Written by Jane Sunderland, The Lament of Dorothy Wordsworth looks at how Dorothy’s idyllic lifestyle with her brother is thrown into disarray when William falls in love with her best friend Mary Hutchinson and invites new his wife to live with the siblings in the Lake District. Having believed that the pair of them would live out the rest of their days unmolested by the rest of the world, Dorothy is distraught and must decide whether to begrudgingly accept the new changes or countenance a life without her “beloved”.
The play takes the form of a solo show comprising an extended monologue, in which Gillian Massey shoulders the role of Dorothy and the considerable burden of holding the audience’s attention alone for 50 minutes with no pause. Her performance is thoughtful and emotional, but the character’s misty-eyed recollections of a nostalgic past and her subsequent despair at her perceived abandonment are a little too one-tone for the audience to really engage with her. The result is that it always feels as if we are watching a performance onstage, rather than a real person confessing their feelings.
That may be more of a criticism of the writing rather than the acting, however. While Dorothy’s lengthy speech is well-written, believable and uses some neat artistic flourishes (the visual representation of the love triangle via the use of snowdrops is particularly effective), it concentrates almost exclusively on her own marginalisation at the hands of Mary. At the end of the day, the whole crux of the play hinges upon the somewhat humdrum conflict of a sister not realising that her brother might harbour romantic intentions towards another and failing to deal with the falling penny when it does drop.

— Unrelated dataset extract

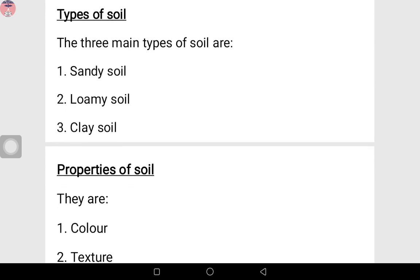Now we have types of soil. Number one, you have the sandy soil. Number two, you have the loamy soil. Number three, we have the clay soil.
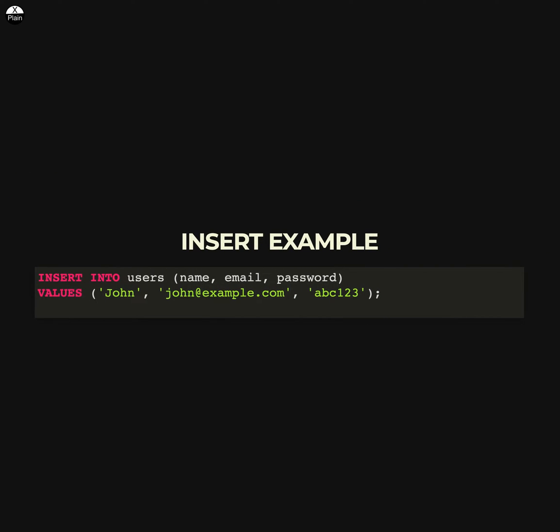Here is an example of an INSERT statement in SQL. This statement will insert a new row into the user table with the values JOHN, JOHN at example.com, and ABC123 in the name, email, and password columns respectively. The INSERT statement is used to add new rows to a table in a database, allowing you to specify the values you want to insert as well as the columns in which you want to insert them.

Juicier topics such as the possibly incestuous relationship Dorothy shared with her brother and his appropriation of her writing talents are hinted at but brushed over; a more compelling piece might have devoted greater attention to these insalubrious details. Nonetheless, it remains an entertaining and mildly thought-provoking play which raises awareness about one of literature’s forgotten women. It just feels like if driven in another direction, it could have provoked far more.